[[ Records to process open ]]

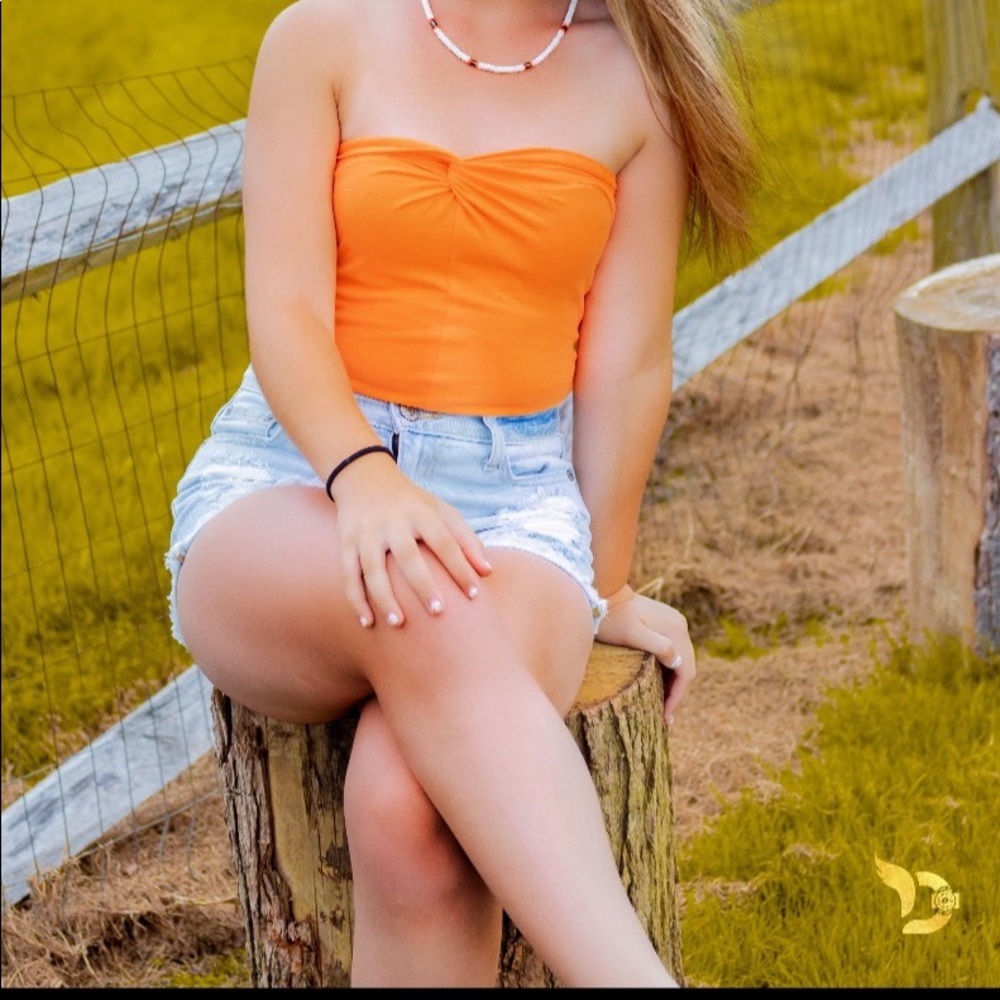 Orange bodysuit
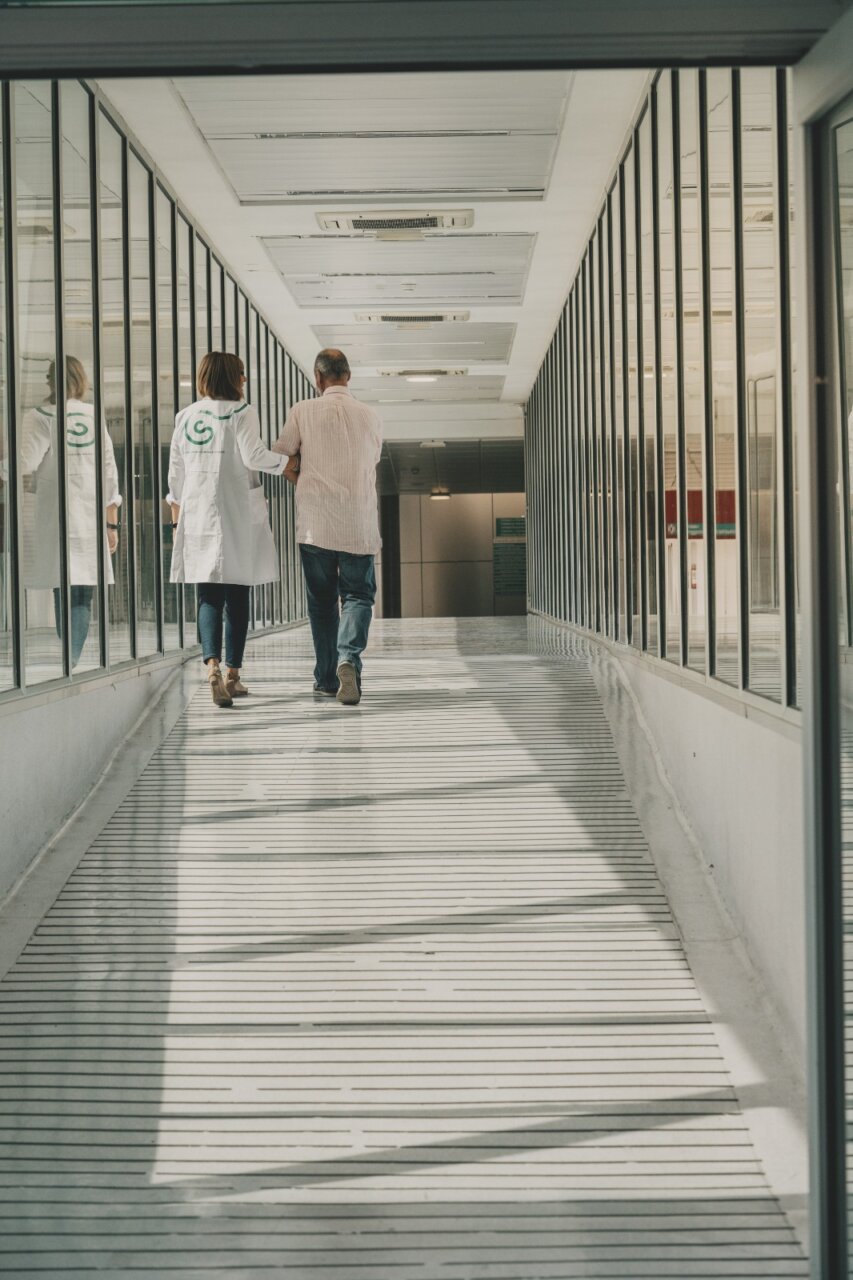 Médico acompaña a paciente en pasillo de hospital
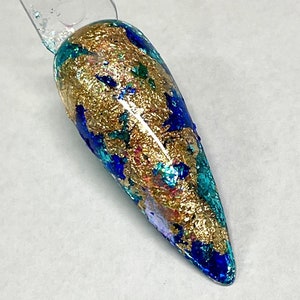May include: A close-up of a long, pointed, blue and gold nail with a metallic finish. The nail is decorated with gold flakes and has a teal and blue base.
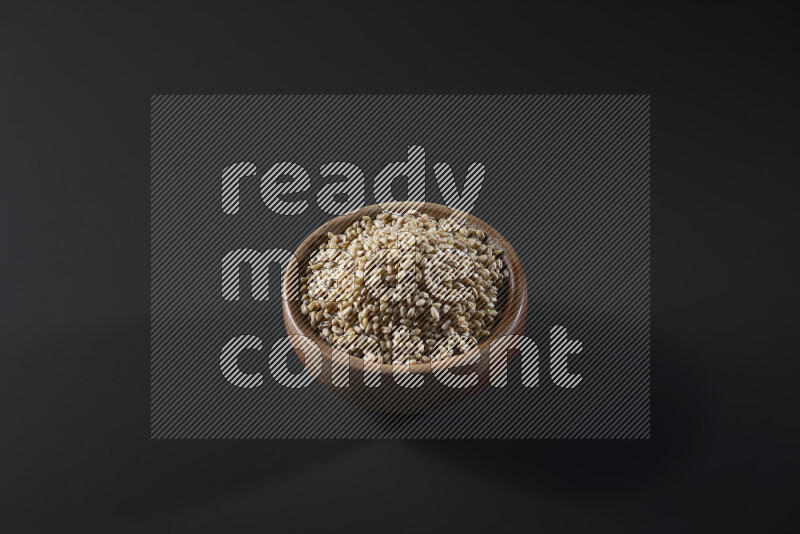 Hulled wheat in a wooden bowl on grey background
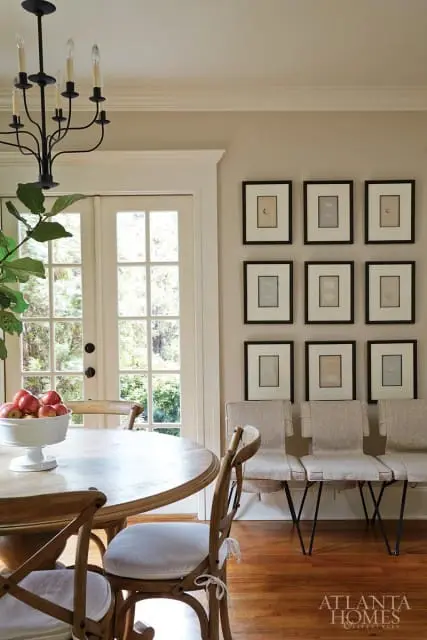 Dining area with a round wooden table, a white bowl of red apples, French doors leading outside, a black chandelier, and a wall of nine framed artworks above a bench with three upholstered seats.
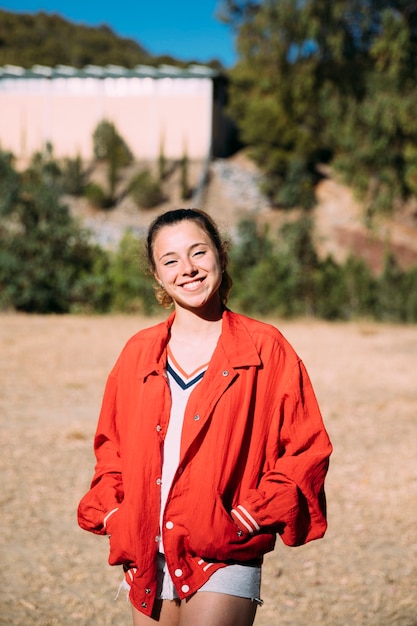 Young woman in red jacket looking at camera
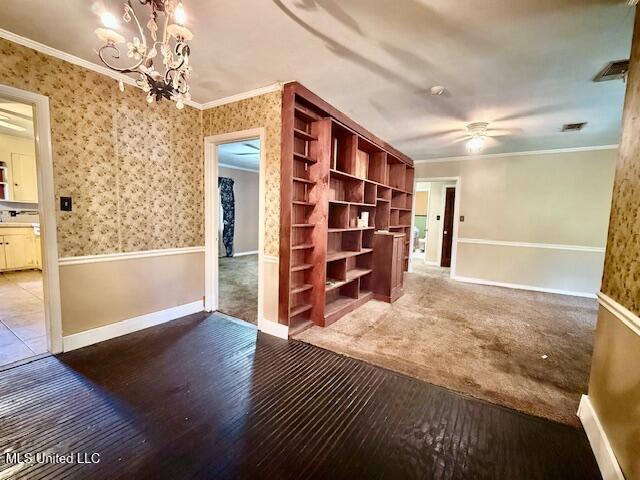 538 Will O Wisp Way, Jackson, MS 39204 - unfurnished room featuring hardwood / wood-style flooring, a chandelier, crown molding, a ceiling fan, and wallpapered walls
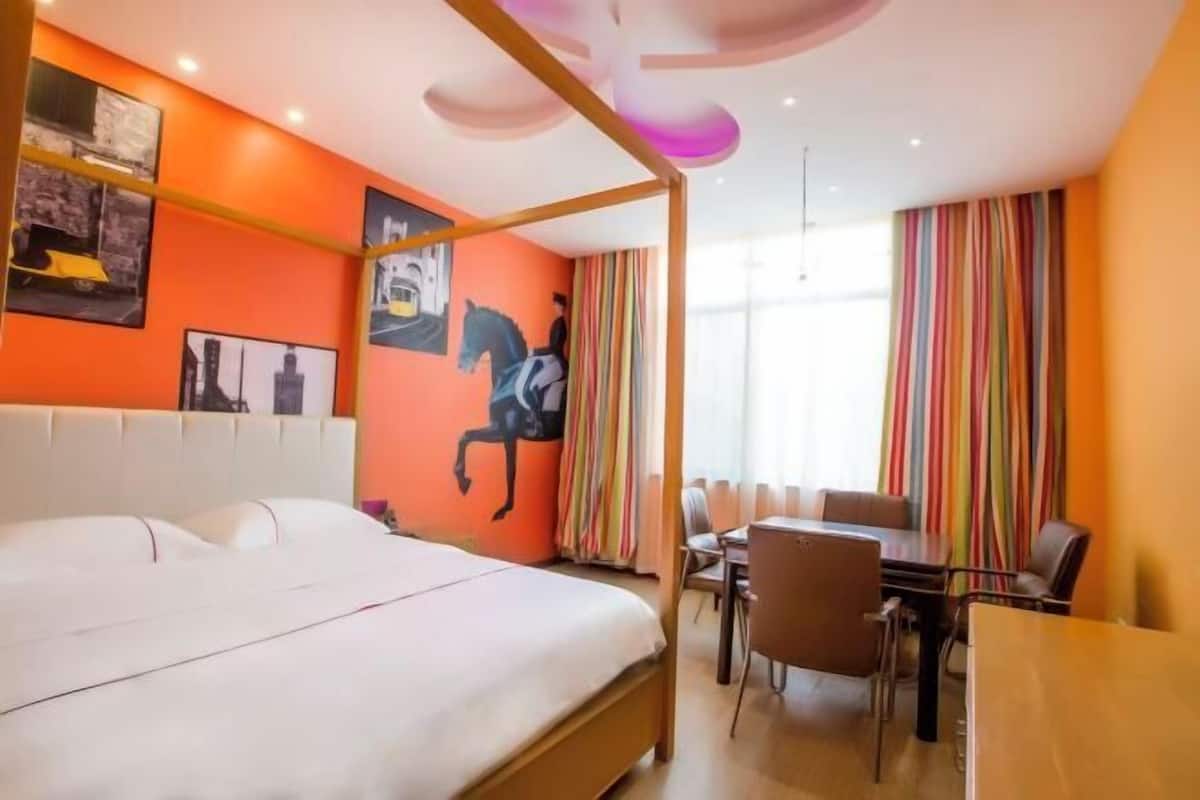 Une chambre d’hôtel avec un lit, une table à manger, des chaises, un rideau rayé aux couleurs vives et un mur orné de tableaux encadrés.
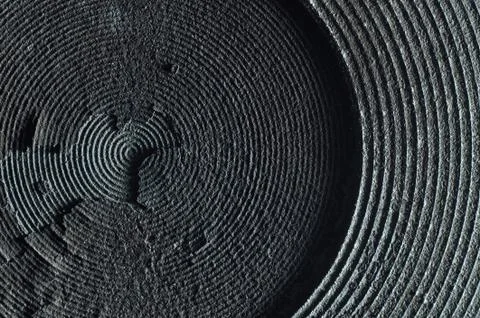 Old electric range solid metal disc heating element. Damaged and peeling. Mac Stock Photos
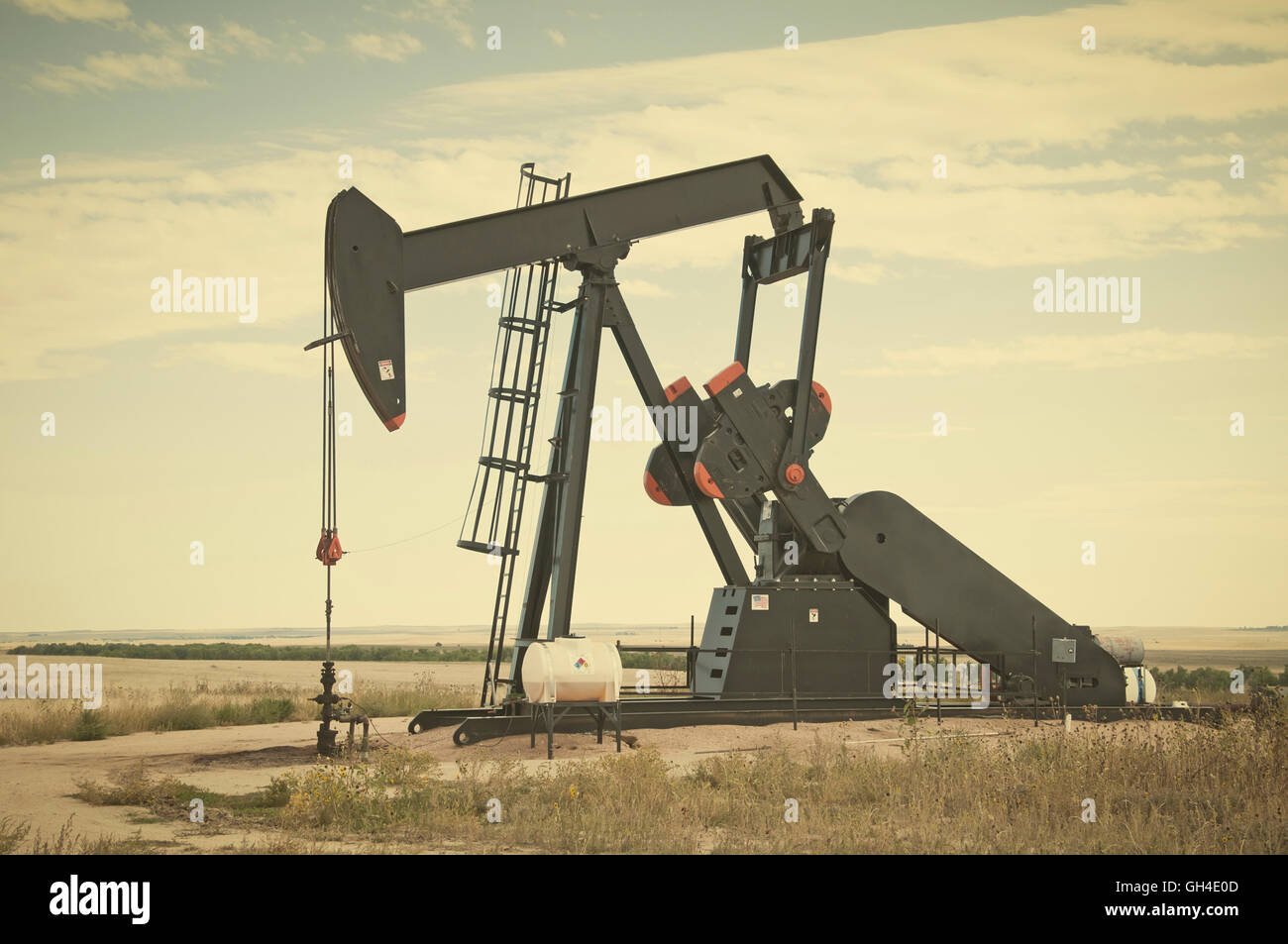 Pump jack starting the lifting stroke to brink crude oil up out of a producing oil well. Retro instagram look. Stock Photo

[[ Records to process closed ]]

## What you should do
Repeat only what lies between the start of the data and the end of the line containing "Hulled wheat in", exactly, with pictures left out.

## Output of the task
 Orange bodysuit
 Médico acompaña a paciente en pasillo de hospital
May include: A close-up of a long, pointed, blue and gold nail with a metallic finish. The nail is decorated with gold flakes and has a teal and blue base.
 Hulled wheat in a wooden bowl on grey background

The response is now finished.